WHAT TO DO: Print the data verbatim. Leave every image out.

RECORDED INFORMATION section start

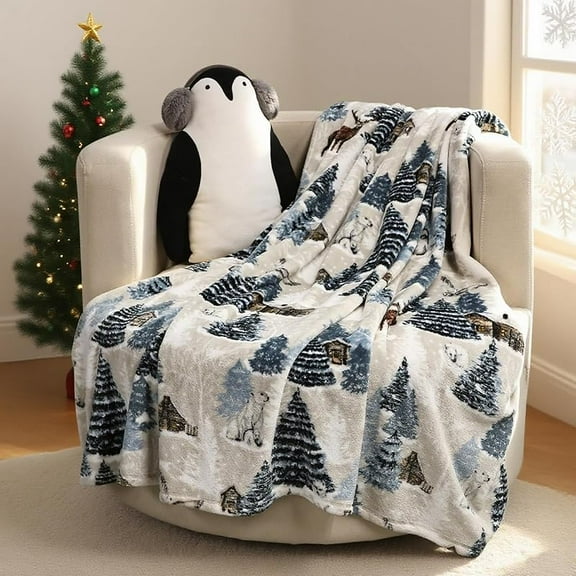 Christmas Throw Blanket - 60x80 inches, Holiday Christmas Tree Reindeer Snowflakes Fleece Blanket Winter Soft Blanket for Couch Sofa Bed Lounging, Ideal Gifts for  Adults Wife Self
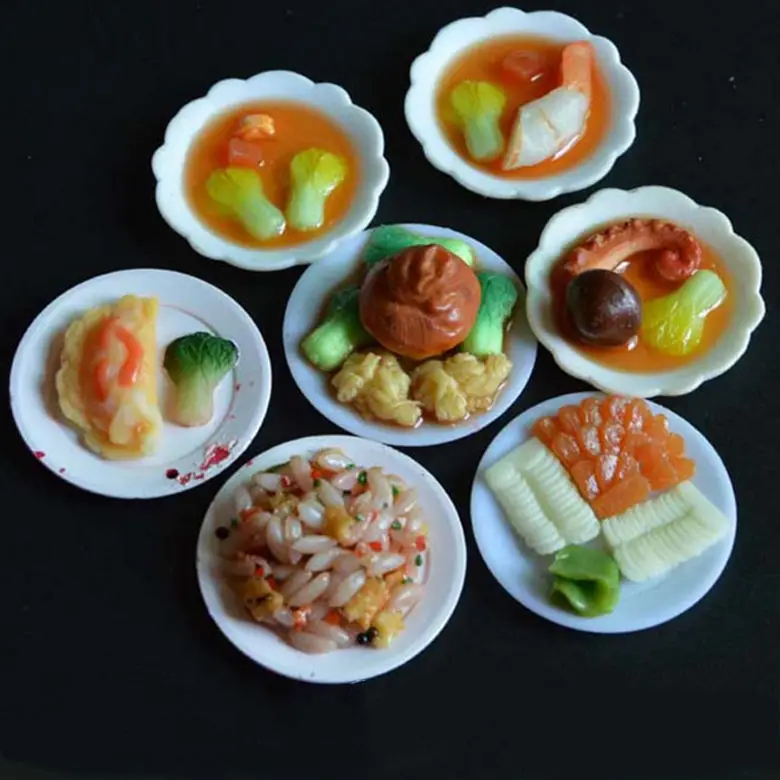 33pcs Doll Trays Plates Mini Food White Dishes Tableware Dollhouse Miniature Dolls Accessories Kitchen Toys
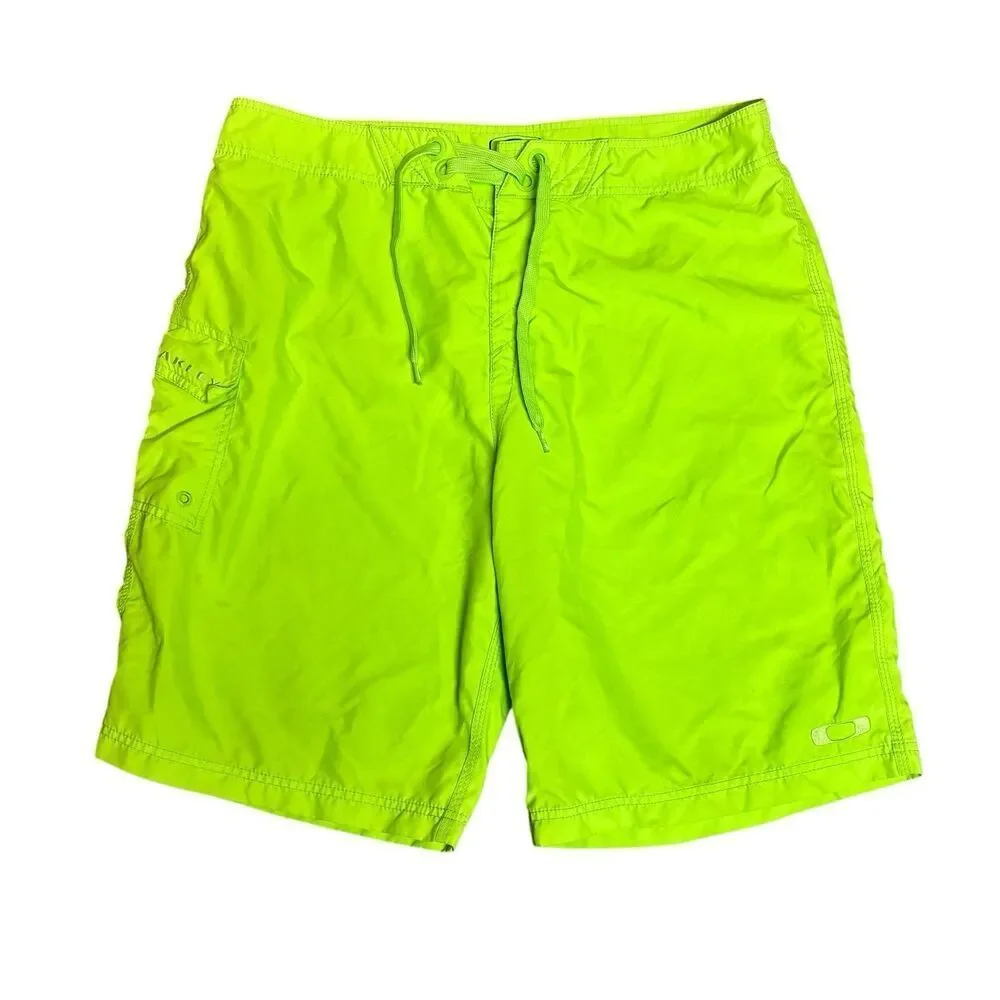 Oakley Men's Board Shorts Size 36 Neon Lime Bermuda Casual‎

RECORDED INFORMATION section end

WRITTEN ANSWER:
 Christmas Throw Blanket - 60x80 inches, Holiday Christmas Tree Reindeer Snowflakes Fleece Blanket Winter Soft Blanket for Couch Sofa Bed Lounging, Ideal Gifts for  Adults Wife Self
 33pcs Doll Trays Plates Mini Food White Dishes Tableware Dollhouse Miniature Dolls Accessories Kitchen Toys
 Oakley Men's Board Shorts Size 36 Neon Lime Bermuda Casual‎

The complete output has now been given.